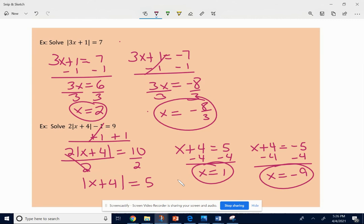It takes practice. This is Algebra 1 stuff, but some of you are ready to do some of this, so give it a try. Let me know if you have any questions.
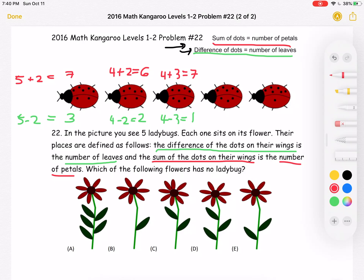Here we have five dots on the top and three on the bottom. So five plus three equals eight petals. And for the leaves, five minus three equals two, so we must have two leaves.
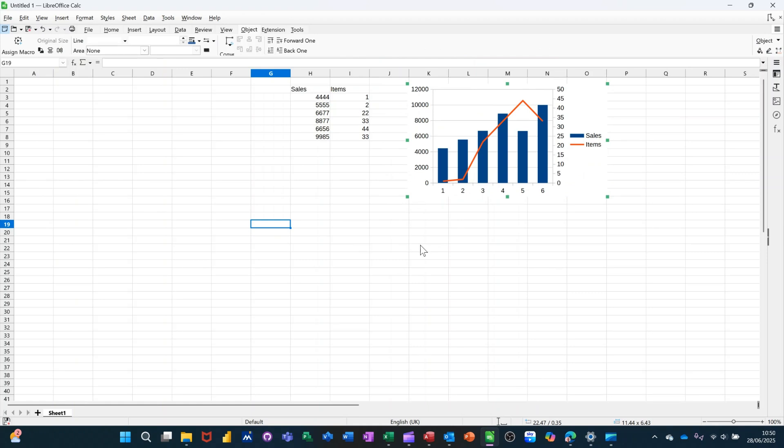Hi guys, welcome to this session in LibreOffice Calc. In this module, I want to show you how you can create a chart with two separate axes.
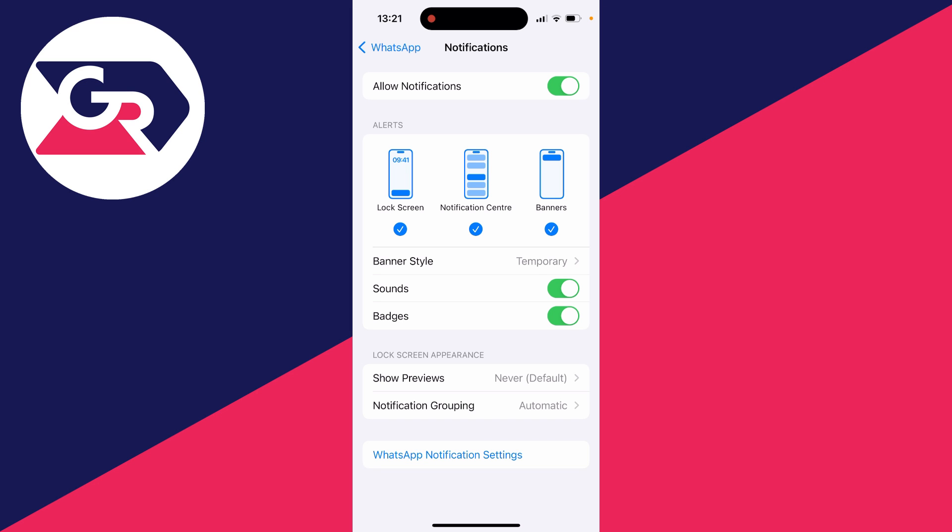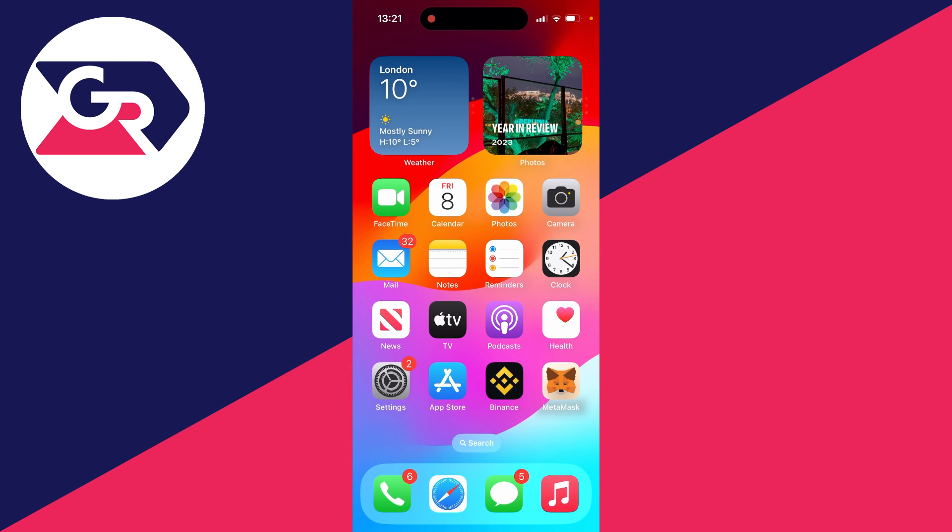WhatsApp does say that if WhatsApp notifications are turned off within your phone settings, incoming WhatsApp calls are silenced. So make sure you switch them on. Hopefully that fixes your problem.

(PROBLEM TO SOLVE): Please return the lines from the line with "Hi guys, welcome" through the last line of the data, both included, exactly, and without pictures.

(TASK SOLUTION):
Hi guys, welcome to this session in LibreOffice Calc. In this module, I want to show you how you can create a chart with two separate axes.
WhatsApp does say that if WhatsApp notifications are turned off within your phone settings, incoming WhatsApp calls are silenced. So make sure you switch them on. Hopefully that fixes your problem.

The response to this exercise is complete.